The Cerro Buenavista communication towers at the top of Cerro de la Muerte (3,000m) is one of the most accessible páramo sites in Costa Rica. This is a reliable site for several highland species, including Volcano Junco and Timberline Wren. Other species observed during a quick stop here included Mountain Elaenia, Sooty Thrush, and Large-footed Finch.
Miriam’s Restaurant in San Gerardo de Dota offers an irresistible combination of excellent local food and birds. Affordable accommodation is also available. Avian highlights during a lunch stop here included Talamanca Hummingbird, Fiery-throated Hummingbird, White-throated Mountain-gem, Volcano Hummingbird, Mountain Thrush, Sooty Thrush, Long-tailed Silky-flycatcher, Sooty-capped Chlorospingus, Large-footed Finch, and Slaty Flowerpiercer.
Providencia Road in Los Quetzales National Park, at Km. 76 on the Pan-American Highway, is a great site for many high elevation species. A few hours birding here produced Ruddy Pigeon, Volcano Hummingbird, Costa Rican Pygmy-Owl, Buffy Tuftedcheek, Ochraceous Wren, Black-faced Solitaire, Slaty-backed Nightingale-Thrush, Long-tailed Silky-flycatcher, Yellow-bellied Siskin, and the gorgeous Flame-throated Warbler.
Bosque del Tolomuco, a small lodge north of San Isidro de General at approx. 1,700m. elevation, is a great mid-elevation birding site.
The hummingbird feeders and vegetation around the lodge attract a dizzying array of hummingbirds, of which I recorded 13 species including Green Hermit, Brown Violetear, Lesser Violetear, Green-crowned Brilliant, Talamanca Hummingbird, White-throated Mountain-gem, Magenta-throated Woodstar, Scintillant Hummingbird, Violet Sabrewing, Stripe-tailed Hummingbird, White-tailed Emerald, Snowy-bellied Hummingbird, and Rufous-tailed Hummingbird.

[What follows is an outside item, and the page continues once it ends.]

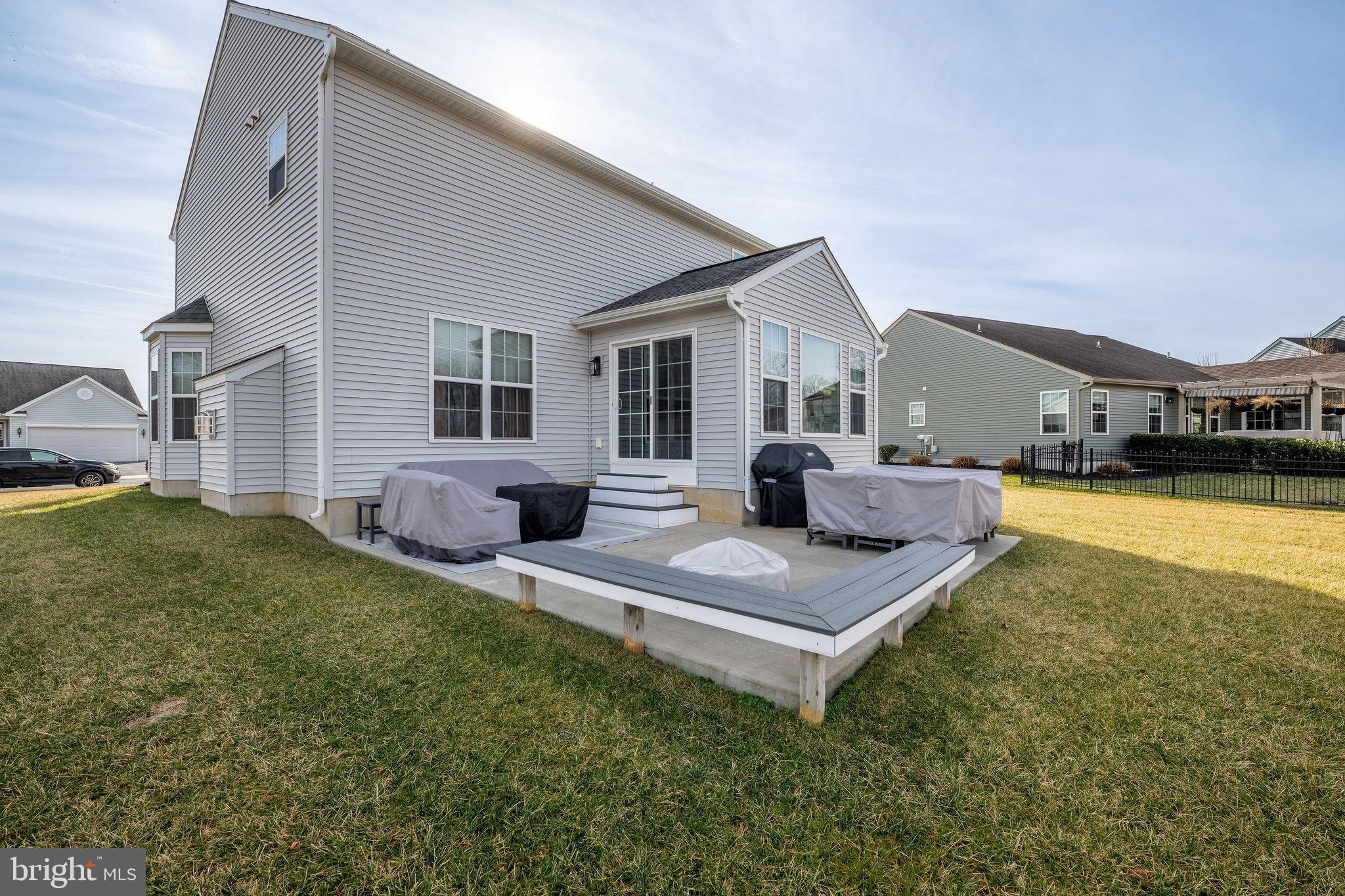 COURSEYS POINT - Residential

Other highlights included Black Guan, Buffy-crowned Wood-Patridge, Ruddy Pigeon, Swallow-tailed Kite, Resplendent Quetzal, Collared Trogon, Red-headed Barbet, Northern Emerald-Toucanet, Hairy Woodpecker, Sulphur-winged Parakeet, Streaked Xenops, Spotted Barbtail, Red-faced Spinetail, Olive-striped Flycatcher, Rough-legged Tyrannulet, Northern Bentbill, White-throated Spadebill, White-ruffed Manakin, Brown-capped Vireo, Scaly-breasted Wren, Black-faced Solitaire, Ruddy-capped Nightingale-Thrush, Golden-browed Chlorophonia, Chestnut-capped Brushfinch, Yellow-thighed Finch, White-naped Brushfinch, Hepatic Tanager, Western Tanager, Flame-colored Tanager, Speckled Tanager, and Silver-throated Tanager.